Jerome – who features over at Tentmakers as a good bloke for having said some things which sound like they were influenced by Origen – claimed that the only woman he’d ever admired (a female ascetic whom he knew) was a woman who filled him with disgust by her physical repulsiveness. There was a contemporary of Jerome’s named Jovinian – also a strict ascetic – who had the temerity to suggest that the married state and the celibate state were equally pleasing to God as vocations for the faithful. Jerome hounded Jovinian with intemperate and vicious invective. I often think that for all the harsh things we can justly say about Luther – he was engaged in one very big battle with tradition and conscience to overcome his fear and marry a runaway nun.

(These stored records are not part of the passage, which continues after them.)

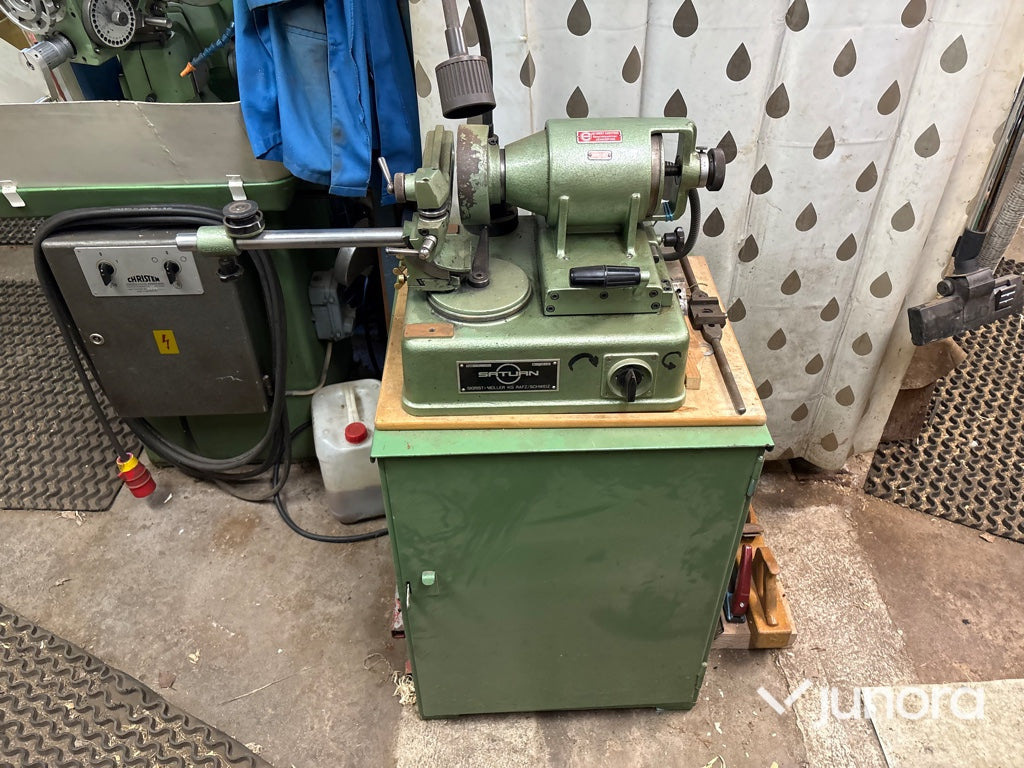 Klingslip - Saturn HKS 600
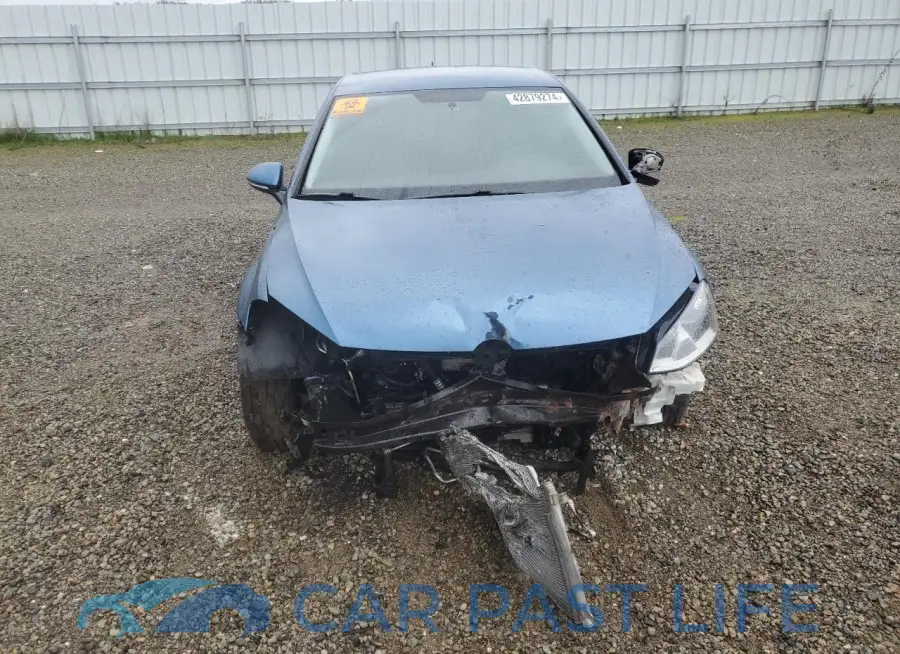 3VW2A7AU2FM065970# 5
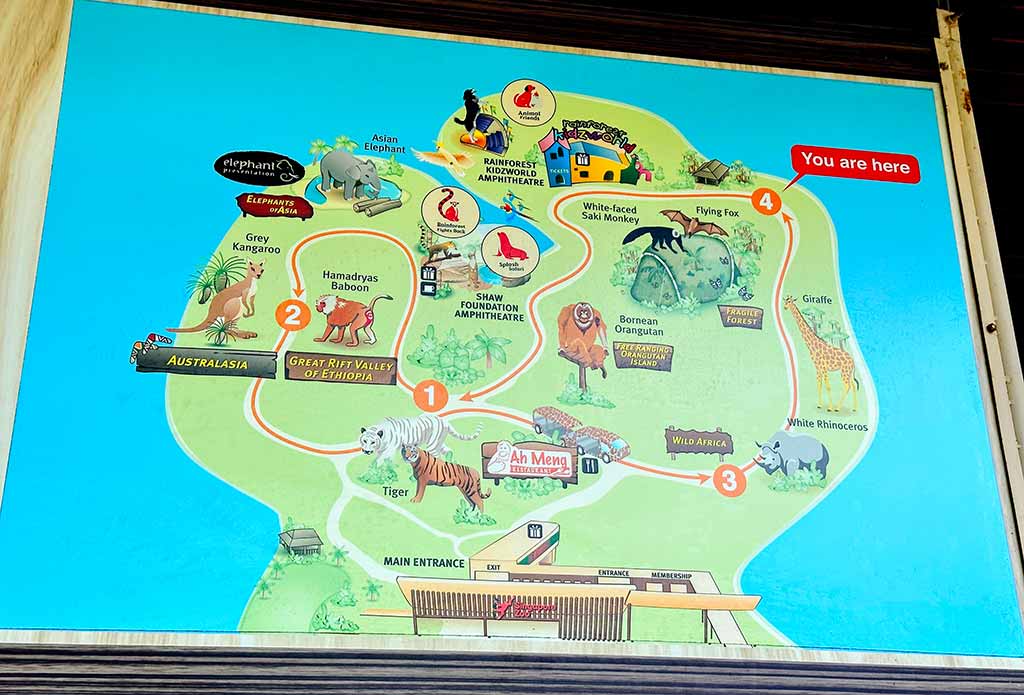 新加坡動物園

As far as the New Testament goes I remember reading a scholarly work – and I’ve forgotten who it was by – in which the author suggested that one of the big impressions we get from reading the Gospels is that Jesus enjoyed the company of women and walked among them without scruple of anxious prudery. It is often commented how relaxed and humorous his conversation is with the Samaritan woman at the well – for example. And when he addresses the woman with a haemorrhage as ‘Daughter of Abraham’ – I understand that there are no parallels in Rabbinic literature of the time (and he is breaking purity law by his act of inclusion).
The fact that women are the first witnesses to the Resurrection is subversive too – in Hebrew law the testimony of women was not equal to that of men. And of course we have our old pal ‘Junia’ who Paul addresses as a fellow Apostle in the earliest manuscripts of the New Testament (whereas in later manuscripts her name has been changed to its masculine form – ‘Junius’)
Regarding Jesus saying about Eunuchs and the Kingdom – which is obviously about self restraint – I’ve heard it commented that the Mediterranean was and is ‘a magnificent sea surrounded by layers of pathological male sexuality, and nothing accosts that profound insecurity like the mention of eunuchs and castration – so Jesus’ metaphor does not necessarily promote asceticism – and even less literal castration; rather it is directed deliberately at patriarchal chauvinism. Also I’ve heard it commented that eunuchs were not uncommon in the ancient world – whether through birth, through accident, or through castration as male slaves in a Roman household that had intimate contact with the women of the house. Leviticus suggests that eunuchs are unclean because no eunuch can become a Levite – and perhaps a another layer of purpose and meaning to Jesus’ metaphor here is to challenge the exclusions made by purity laws.
A final word about Origen – then high time to move on!!! The British writer Karen Armstrong pictures him memorably thus –
‘In an age where the philosopher was characterised by his long beard (a sign of wisdom) Origen’s smooth cheeks and high voice would have been startling’.
And it’s great to know that people are beginning to say good things about ‘our man’ Origen in the media!